* Action item: As soon as the line containing "Building Photo - 2950 Viscaya Pl" appears in the material below, start returning lines exactly, and end with the line containing "Рве одяг, б'є".

* Provided records:
*** Block opens ***
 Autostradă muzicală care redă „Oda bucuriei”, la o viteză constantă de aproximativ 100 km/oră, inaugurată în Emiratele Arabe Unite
*** Block closes ***
*** Block opens ***
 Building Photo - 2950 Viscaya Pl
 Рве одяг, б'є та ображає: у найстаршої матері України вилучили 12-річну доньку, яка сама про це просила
*** Block closes ***
* Exercise result:
 Building Photo - 2950 Viscaya Pl
 Рве одяг, б'є та ображає: у найстаршої матері України вилучили 12-річну доньку, яка сама про це просила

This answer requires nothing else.